The trust you’ve built with your dining companion – along with the shackles shed per glass of red – means you’re finally ready to flirt with the supernatural.
I’ll tell you this now, boo: I’m a big believer in ghosts.
It would appear that my family are too blessed with the gift of glimpsing beyond this realm. We’re not mediums or psychics, not by any stretch, but open and curious to stories that have no other logical explanation.
I grew up in the countryside, and on the family property, barely stands a rundown old cottage built in the early 1800s, somewhere around Van Dieman’s Land becoming a colony and the name change to Tasmania. Handmade convict nails hold down its red corrugated-iron roof. This place – it’s old. Real old. The kind of old where the walls have outlived generations. It’s now dilapidated, which only adds to the spooky factor, but in the ’90s it was still livable, and we’d often stay there on weekends before moving in full-time.
I’d often have a recurring nightmare where I was sitting on the old brown shagpile carpet beside the open fireplace – where we’d toast bread on a handmade iron toaster with wire prongs that pierced the corners of the slice.
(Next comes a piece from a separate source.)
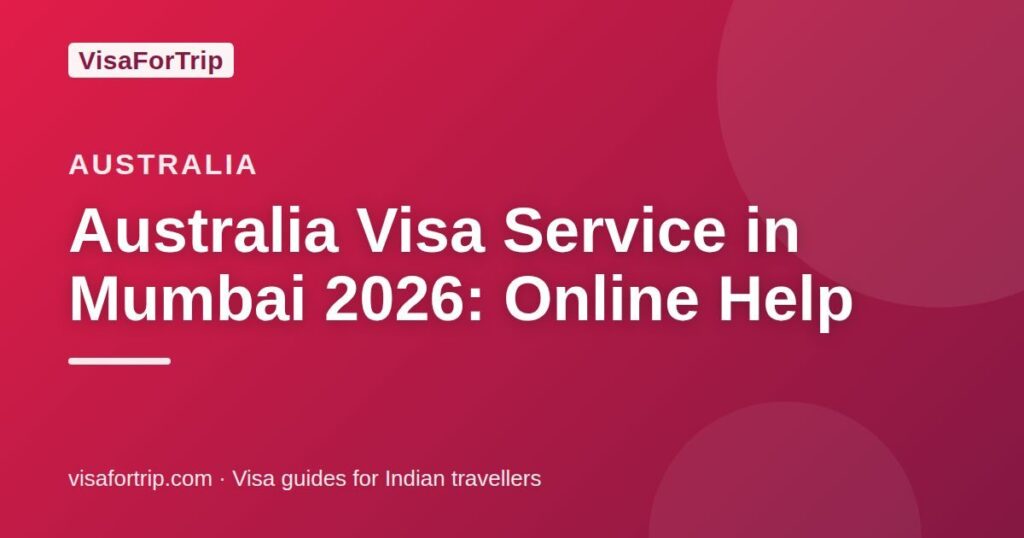 australia visa service in Mumbai — VisaForTrip guide cover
I was alone, playing cards – possibly Solitaire – when a log would tumble from the fire and the flames would circle me until I’d wake panicked in a cold sweat.
It was this same room – when awake – where I’d sit with my siblings watching TV. The television perched atop an old chest of drawers beside a smaller-than-average doorway, built back when people were shorter. I remember, more than once, seeing a little girl run past that doorway.
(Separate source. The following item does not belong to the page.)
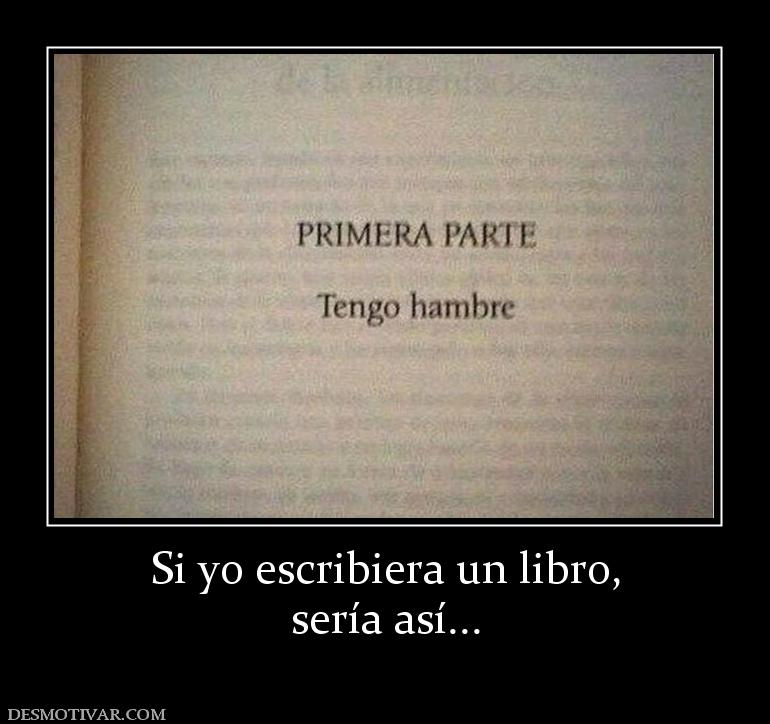 Si yo escribiera un libro, sería así...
I’d yell out to my sister (aka Lark’s Favourite Aunty), asking why she was running, only to find her sitting calmly at my feet.
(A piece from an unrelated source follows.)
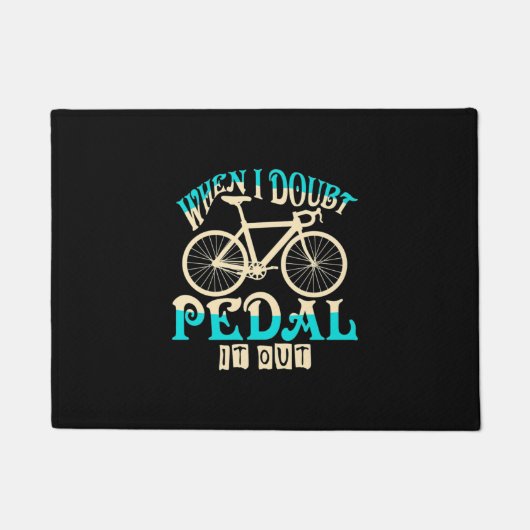 Paillasson Mountain Bike When I Doubt Pedal It Out (Devant)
The little girl, it seemed, was not of this world.
The hallway she frequented was icy cold – even in the middle of summer. You’d step through the back door and feel the chill instantly. Strangely, only girls ever saw her; mostly younger ones.
Another time, a group of teenage girlfriends were staying in the cottage. They’d been having a screaming match over who-knows-what when, suddenly, a ghostly man came in through the window from the orchard and screeched at them to get out. Sightings of him were rare – much rarer than those of the little girl. I never saw him myself, but the girls were pale with terror and refused to step foot inside the cottage ever again.
Eventually, word got out about the haunted cottage, and paranormal investigators came knocking. They refused to hear our stories before entering the haunted cottage armed with Geiger counters and other ghostly gadgets, including a medium. After surveying the site, they identified two spirits:
A little girl in the hallway.
And an adult man in the orchard, just outside the lounge-room window.
The medium claimed the man was tormenting the girl, yelling her name Effie over and over again. The same scene, playing on a loop like a scratched record.
Years later, I went on a ghost tour at the Quarantine Station in Manly, NSW. The medium leading it told us that most hauntings aren’t souls trapped between worlds, but energy imprints – echoes of heightened emotion burned into the fabric of a place.
That thought brings me some comfort. Because if that’s true, then little Effie isn’t still there – she’s an echo of a story long finished.